Fato é que, com o passar dos anos, a TGT ganhou corpo e novas frentes de trabalho. Já não bastava formar artistas e montar espetáculos. A companhia passou a levar os benefícios do teatro para trabalhadores de empresas como Randon, Fras-le, Tramontina, Grendene, entre outras. Por fim, em 2010, a inauguração da nova sede, um amplo casarão localizado no bairro Rio Branco, permitiu que ela também se tornasse uma casa de teatro, oferecendo espaço para apresentações de outros grupos.
Os muitos capítulos — ou atos — dessa história serão comemorados neste sábado, a partir das 17h, na sede da Tem Gente. Aberta ao público, a festa de aniversário terá exposição de fotos e cartazes relembrando os 30 anos de resistência artística, com direito a comidinhas, chopp e roda de samba com o grupo Seresteiros do Luar.
Para entrar no clima, a reportagem do Almanaque conversou com artistas formados pela escola e compilou uma linha do tempo com as principais memórias dessas três décadas dedicadas ao teatro.

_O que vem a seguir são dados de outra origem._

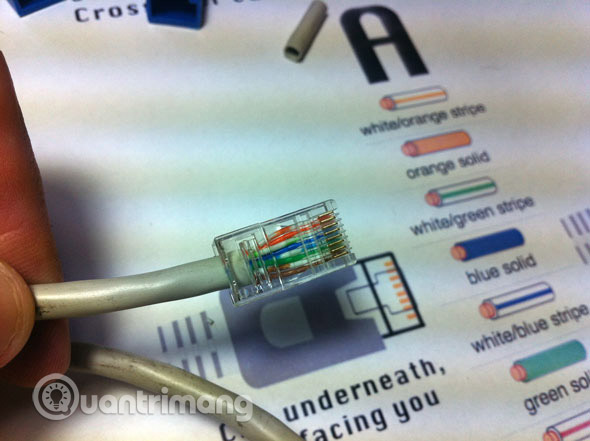 How to create an Ethernet crossover cable Picture 9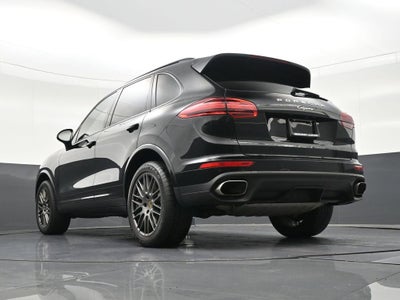 2017 Porsche Cayenne 4DR SUV AWD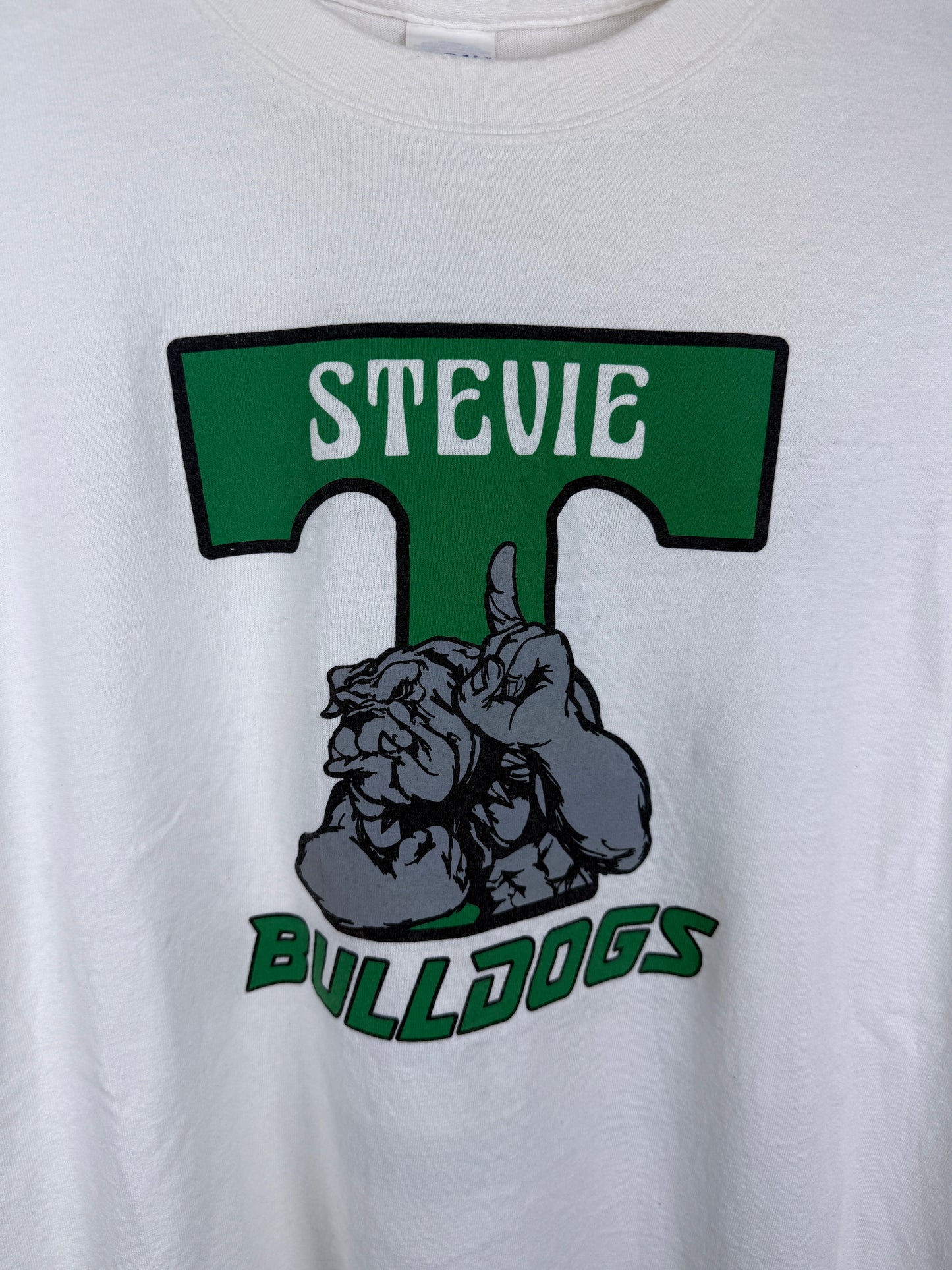 Vintage Glidan Bulldogs Sports Jersey T-Shirt - #12 Mitchem
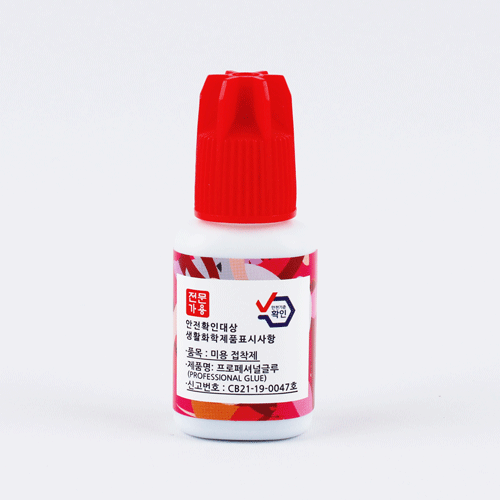 [뷰티캣] 프로페셔널 Glue 5g 러볼전용 2~3초 속눈썹 연장 글루 속눈썹재료 도매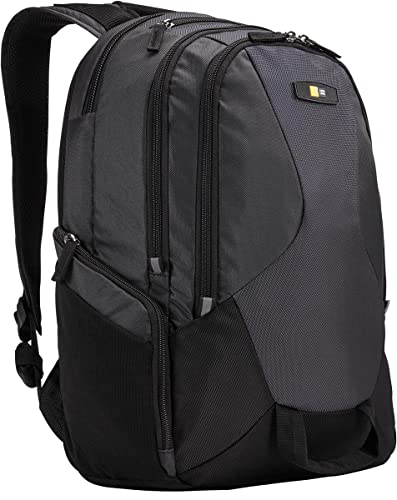 Case Logic Rbp-414 Zaino Intransit 22 L, Zaino Compatto Per Laptop Da 14,1", Custodia Imbottita Per Tablet O Ipad Da 10,1", Nero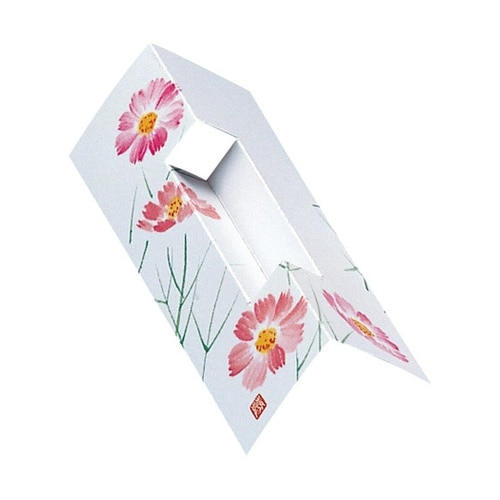 お箸レスト こすもす(8月ー9月)(20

Também conversamos com Zica Stockmans sobre as origens da companhia, os papéis marcantes na carreira e a tarefa — por vezes espinhosa — de espalhar arte num cenário que mescla o avanço do conservadorismo ao corte de recursos públicos para cultura.
APRENDENDO NO PALCO
Impossível contar a história da Tem Gente Teatrando sem dar atenção especial à menina dos olhos da companhia: a escola de formação. Afinal, nos 30 anos que se passaram desde a plaquinha pendurada na porta do 503 do Edifício Centenário, foram cerca de 3 mil alunos.
Gente de muitas idades e de muitos lugares. Em comum, o desejo de fazer teatro, de emprestar o corpo para os personagens de Shakespeare ou Nelson Rodrigues, ou quem sabe um dia alcançar os aplausos de Procópio Ferreira e Fernanda Montenegro.

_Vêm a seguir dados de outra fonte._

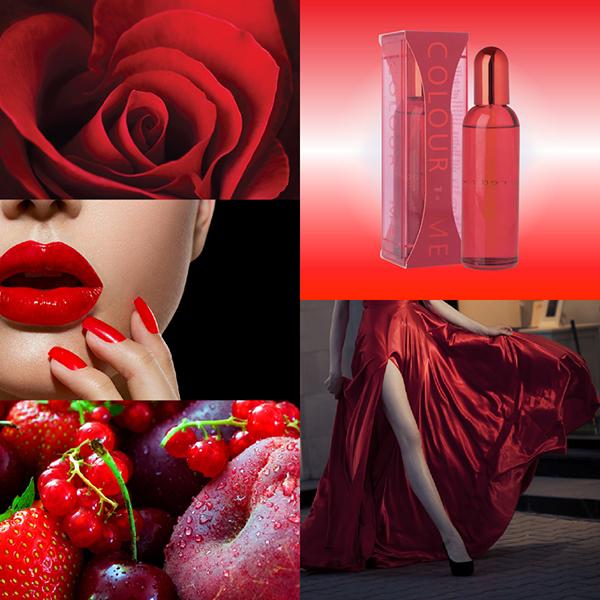 Colour Me Femme Red Eau De Parfum 100 ml - Women Perfumes (Edt/Edp)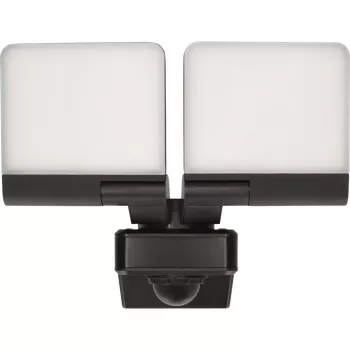 Brennenstuhl Connect 1179060020 LED āra prožektors WiFi RGB+W 20W 2000lm IP65 Melns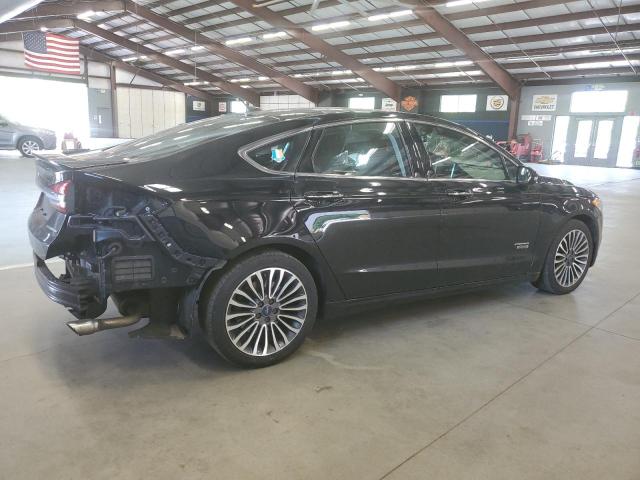 2017 Ford Fusion Titanium Phev VIN: 3FA6P0SU9HR280850 Lot: 59747944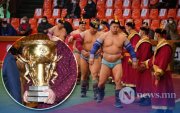 Б.Орхонбаяр тодорхой шалтгаанаар “Алтан цом”-ын барилдаанд оролцохоо больжээ
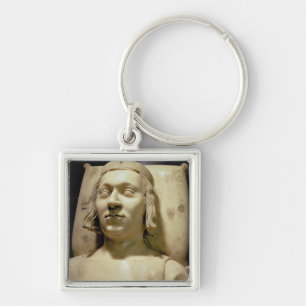 Charles V das "kluge" (1338-80) Grabbildnis, Schlüsselanhänger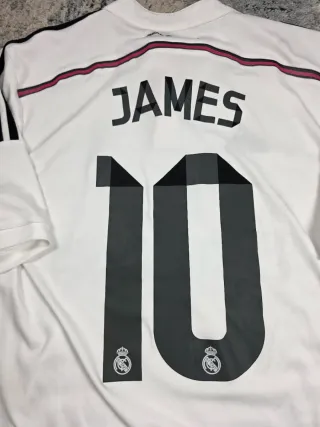 Camiseta Real Madrid James 2014 adidas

São histórias como a de Jonas Picoli, que se matriculou em uma aula experimental pela simples curiosidade de rever as paredes rabiscadas do seu antigo quarto, mas acabou tomando gosto pela coisa.
— Abriu uma escola de teatro onde eu morava. Daí me inscrevi só para saber como estava meu quarto. Fiz toda aula, mas o meu quarto estava fechado e eu não via nada. No final, a Zica me pergunta: "e daí, gostou da aula?". Eu disse pra ela: "na verdade, eu me inscrevi só pra ver o meu quarto" — contou Jonas ao Almanaque em matéria publicada em setembro, quando o grupo que hoje dirige, o Ueba Produtos Notáveis, completou 15 anos de estrada.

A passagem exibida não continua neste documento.